Federal Court Decisions

Decision Information

Decision Content

Date: 20030103

Docket: T-1209-02

Neutral citation: 2003 FCT 4

BETWEEN:

                                                        FRANÇOIS ALAIN MOUSSA

                                                                                                                                                     Applicant

                                                                                 and

                                              THE PUBLIC SERVICE COMMISSION

                                   and THE IMMIGRATION AND REFUGEE BOARD

                                                                                                                                            Respondents

                                                            REASONS FOR ORDER

HARGRAVE P.

[1]                  The Applicant, a lay litigant, who now acts for himself, seeks a review of a 28 June 2002 decision by the Public Service Commission dismissing the Applicant's complaint of racial discrimination and harassment.


[2]                  The present motion in writing, on its face, seeks an extension of time for filing a supplementary affidavit, said to be pursuant to section 18.1(2) of the Federal Court Act. Properly a motion for the late filing of an affidavit, or an additional affidavit, as the case may be, falls not under the Federal Court Act, but rather under the Federal Court Rules, being either an extension of the 30-day time requirement, for the filing of affidavits, mandated by Rule 306, or an additional affidavit, under Rule 312.

CONSIDERATION

[3]                  The Respondents characterize the issue, in the introduction to their written argument, as leave to file a supplemental affidavit, but then go on to apply the test for leave to file a late affidavit. The situation is also ambiguous in that the Respondents' affidavits were due 24 November 2002, but have not yet been received by the Court for filing, although the Applicant, in a letter of 11 December 2002 a copy of which was received by the Court, discusses the deferment of cross-examination on affidavits, indicating that the Respondents' affidavits may have been served. Thus the present motion could be either for leave to file an affidavit late or for leave to file a supplemental affidavit in the sense of a reply affidavit. To avoid further paper work and delay I will deal with both possibilities. However, first, I would observe that the Applicant may not change the style of cause as he has done at various places in his 3 December 2002 material: the proper style of cause, unless the Court were to order otherwise, is that set out above.

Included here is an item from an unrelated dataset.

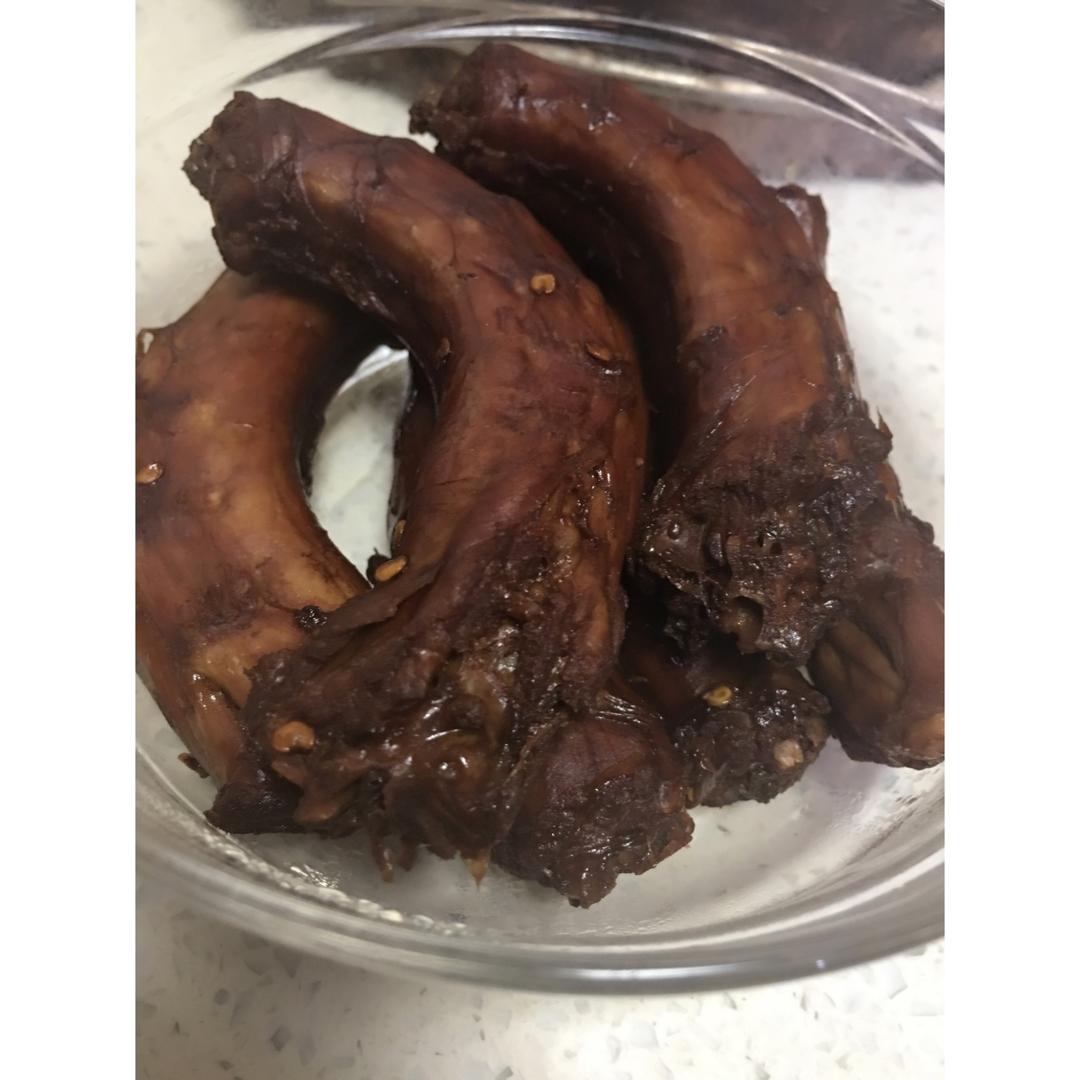 麻辣鸭脖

Evidence Before the Tribunal


[4]                 Before dealing with the request for some form of a time extension I would note that the Applicant fails to clear an initial hurdle. Judicial review is to examine a decision of a tribunal in the light of the evidence which was before the tribunal. Any other evidence is irrelevant in determining whether or not there might be grounds for review and here I would refer to Asafov v. Canada (MCI), an unreported 18 May 1994 decision of Mr Justice Nadon, as he was then, in file IMM-7425-93. The point that a court, sitting on a judicial review matter, may consider only evidence that was before the original decision-maker, is one which was also emphasized by Mr Justice MacKay in Wood v. Canada (AG) (2001), 199 F.T.R. 133 (F.C.T.D.) at 140 - 141. However, none of this was dealt with in the written argument. Thus, I will also deal with the merits of the motion.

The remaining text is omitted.